摘要: 本文剖析了 OpenAI、Anthropic (Claude) 和 Google (Gemini) 在 API 协议上的核心差异，结合 OpenCode 框架的源码实践，探讨了如何集成 Skills 和 MCP (Model Context Protocol) 等新一代 Agent 能力。

1. 引言：为什么需要跨模型适配？

在使用 AI Agent 时，深度绑定单一厂商存在显著风险：

成本波动：不同模型的 Token 定价策略差异巨大。
服务稳定性：单一 API 可能遭遇宕机或限流。
能力偏科：Claude 在代码生成上表现优异，Gemini 则拥有超长 Context Window 优势。

为了让 Agent 能够“博采众长”，我们需要抹平它们之间的协议鸿沟。

2. 协议差异深度解析

下表总结了三大主流模型厂商在 API 调用上的关键差异：

特性	OpenAI v1	Anthropic	Google Gemini
User Message	`{ role: "user", content: "..." }`	`{ role: "user", content: "..." }`	`{ role: "user", parts: [...] }`
Image Input	`image_url` (URL/Base64)	`source`(URL/Base64)	`inlineData` (Base64) / `fileData`
Tools Definition	`tools` (JSON Schema)	`tools` (JSON Schema)	`function_declarations` (OpenAPI)

2.1 OpenAI

基础协议: Chat Completions API - 行业事实标准。

curl https://api.openai.com/v1/chat/completions \
  -H "Content-Type: application/json" \
  -H "Authorization: Bearer $OPENAI_API_KEY" \
  -d '{
    "model": "VAR_chat_model_id",
    "messages": [
      {
        "role": "developer",
        "content": "You are a helpful assistant."
      },
      {
        "role": "user",
        "content": "Hello!"
      }
    ]
  }'

视觉 (Vision): Vision Guide - image_url 详情与多图处理。

curl https://api.openai.com/v1/responses \
  -H "Content-Type: application/json" \
  -H "Authorization: Bearer $OPENAI_API_KEY" \
  -d '{
    "model": "gpt-4.1-mini",
    "input": [
      {
        "role": "user",
        "content": [
          {"type": "input_text", "text": "what is in this image?"},
          {
            "type": "input_image",
            "image_url": "https://api.nga.gov/iiif/a2e6da57-3cd1-4235-b20e-95dcaefed6c8/full/!800,800/0/default.jpg"
          }
        ]
      }
    ]
  }'

工具调用: Function Calling - tools 定义与 tool_calls 响应流。

function-calling-diagram-steps

# 1. Define a list of callable tools for the model
tools = [
    {
        "type": "function",
        "name": "get_weather",
        "description": "Get the current weather in a given location",
        "parameters": {
          "type": "object",
          "properties": {
            "location": {
              "type": "string",
              "description": "The city and state, e.g. San Francisco, CA"
            }
          },
          "required": ["location"]
        }
    },
]

Anthropic (Claude)

基础协议: Messages API - 顶层 system 参数与 content 块结构。

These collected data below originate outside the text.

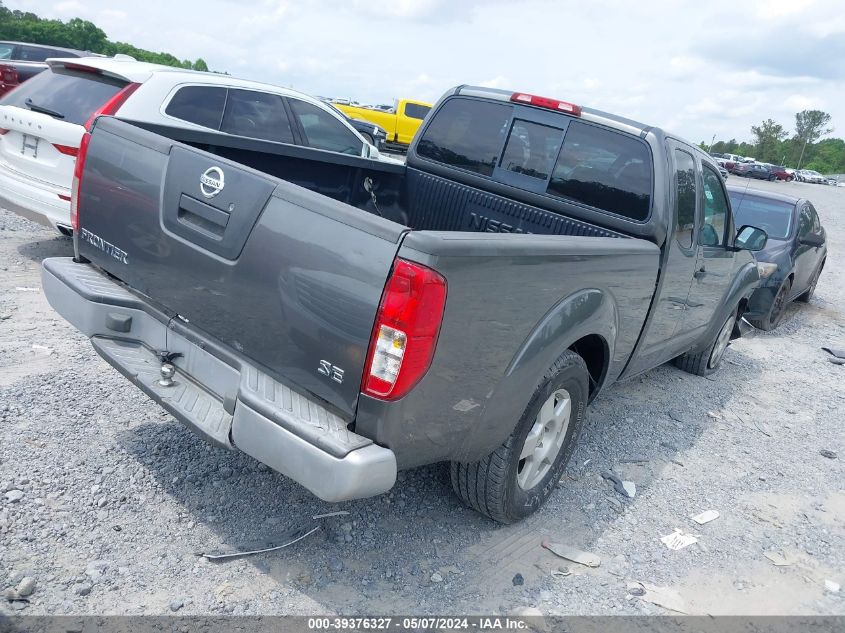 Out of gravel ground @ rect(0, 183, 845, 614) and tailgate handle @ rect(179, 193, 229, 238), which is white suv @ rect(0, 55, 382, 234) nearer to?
gravel ground @ rect(0, 183, 845, 614)

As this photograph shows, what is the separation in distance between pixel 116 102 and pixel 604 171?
410 cm

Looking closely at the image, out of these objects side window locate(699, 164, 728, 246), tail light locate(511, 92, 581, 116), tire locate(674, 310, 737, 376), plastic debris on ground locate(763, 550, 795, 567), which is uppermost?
tail light locate(511, 92, 581, 116)

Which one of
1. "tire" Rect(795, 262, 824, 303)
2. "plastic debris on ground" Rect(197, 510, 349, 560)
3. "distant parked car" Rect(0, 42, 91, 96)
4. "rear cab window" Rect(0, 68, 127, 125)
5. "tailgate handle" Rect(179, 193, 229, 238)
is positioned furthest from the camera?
"distant parked car" Rect(0, 42, 91, 96)

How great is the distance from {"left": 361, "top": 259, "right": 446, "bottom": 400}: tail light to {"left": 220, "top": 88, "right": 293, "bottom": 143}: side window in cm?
467

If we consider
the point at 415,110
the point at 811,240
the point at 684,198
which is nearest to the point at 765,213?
the point at 811,240

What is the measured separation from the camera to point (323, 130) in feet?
24.9

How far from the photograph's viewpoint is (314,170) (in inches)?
173

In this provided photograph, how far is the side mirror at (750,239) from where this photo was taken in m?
5.32

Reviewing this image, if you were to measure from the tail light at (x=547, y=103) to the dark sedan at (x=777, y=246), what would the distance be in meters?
4.44

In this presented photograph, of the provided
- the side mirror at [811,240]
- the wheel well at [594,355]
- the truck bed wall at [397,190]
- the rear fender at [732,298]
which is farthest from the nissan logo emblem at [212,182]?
the side mirror at [811,240]

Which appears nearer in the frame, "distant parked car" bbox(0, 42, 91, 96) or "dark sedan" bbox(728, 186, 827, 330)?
"dark sedan" bbox(728, 186, 827, 330)

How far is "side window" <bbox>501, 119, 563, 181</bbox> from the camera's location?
432cm

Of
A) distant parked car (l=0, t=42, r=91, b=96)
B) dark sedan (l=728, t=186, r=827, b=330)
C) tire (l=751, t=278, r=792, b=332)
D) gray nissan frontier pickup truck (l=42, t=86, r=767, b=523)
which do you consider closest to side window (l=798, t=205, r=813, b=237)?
dark sedan (l=728, t=186, r=827, b=330)

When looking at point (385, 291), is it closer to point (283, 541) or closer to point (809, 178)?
point (283, 541)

curl https://api.anthropic.com/v1/messages \
    -H 'Content-Type: application/json' \
    -H 'anthropic-version: 2023-06-01' \
    -H "X-Api-Key: $ANTHROPIC_API_KEY" \
    --max-time 600 \
    -d '{
          "max_tokens": 1024,
          "messages": [
            {
              "content": "Hello, world",
              "role": "user"
            }
          ],
          "model": "claude-opus-4-6"
        }'

视觉 (Vision): Vision - base64 编码要求与 image block 构造。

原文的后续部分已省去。